Looking at the overall zero-to-100 score, 146 school districts of the 201 receiving a grade for both the 2015-16 and 2016-17 school years saw declines. That’s 73 percent.
Fifty districts – one out of every four – saw their scores drop by more than four points. Fifteen districts saw their scores increase by more than four points.
In the 10 districts that have been among the lowest performing in the state for years – known as Opportunity or Reform districts where the state has increased involvement – seven saw their grades drop. These districts enroll one-quarter of the state’s public school students but 45 percent of students from low-income families and 54 percent of students who understand limited English.
Individual schools didn’t fare any better.
Scores dropped by more than four points at 351 schools, or one in three schools. A total of 131 schools saw their scores increase by more than four points.
The state has not done an analysis of how individual schools in which they intervened in through the so-called Commissioners’ Network program fared.

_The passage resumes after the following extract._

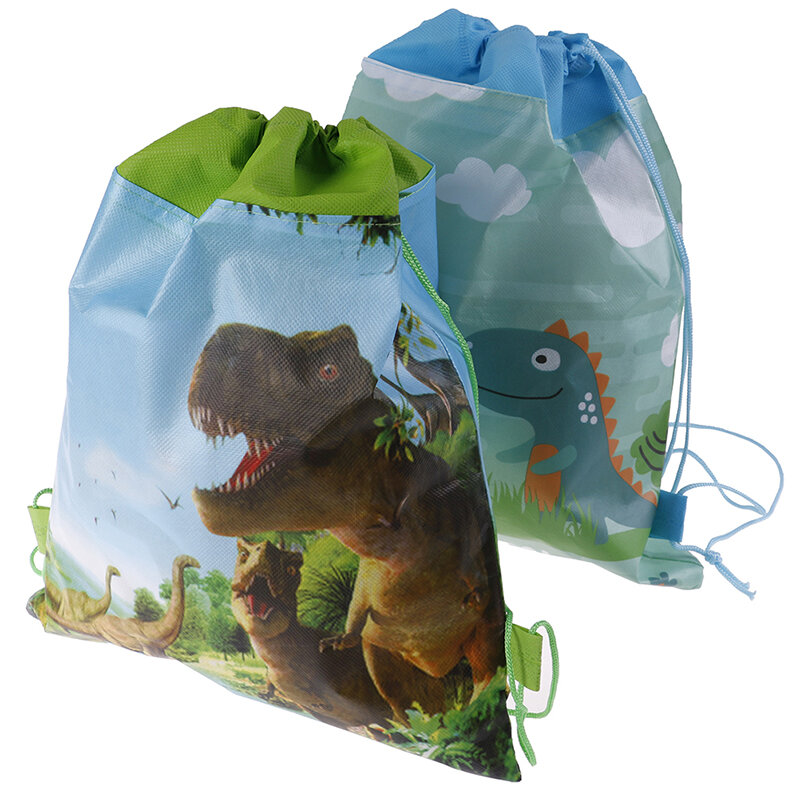 حقيبة حفلات أعياد الميلاد للأولاد ، حقيبة هدايا من القماش غير المنسوج مع طباعة كرتونية على شكل ديناصور لحفلة ما قبل الولادة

Other indicators that contribute to a school’s grade – but play a much smaller role – did see some increases. For example, students participating in and passing the exams in high-level courses such as Advanced Placement or International Baccalaureate increased by about 4 percent. It’s unclear where the increases took place and whether white, black, Hispanic and students from low-income families all saw increases. In its release, the department did not break out high-need groups that have historically struggled in school, as it did the previous two years.
Also seeing improvement were the rate of students with access to arts courses and those on-track to graduate high school.
Gopalakrishnan said the department hopes the results will help schools and districts better understand where to focus their energy and that next year’s results will improve.
“It’s not a gotcha for a gotcha sake,” he said. “It’s about improving… We’ve really move from sanctions to support."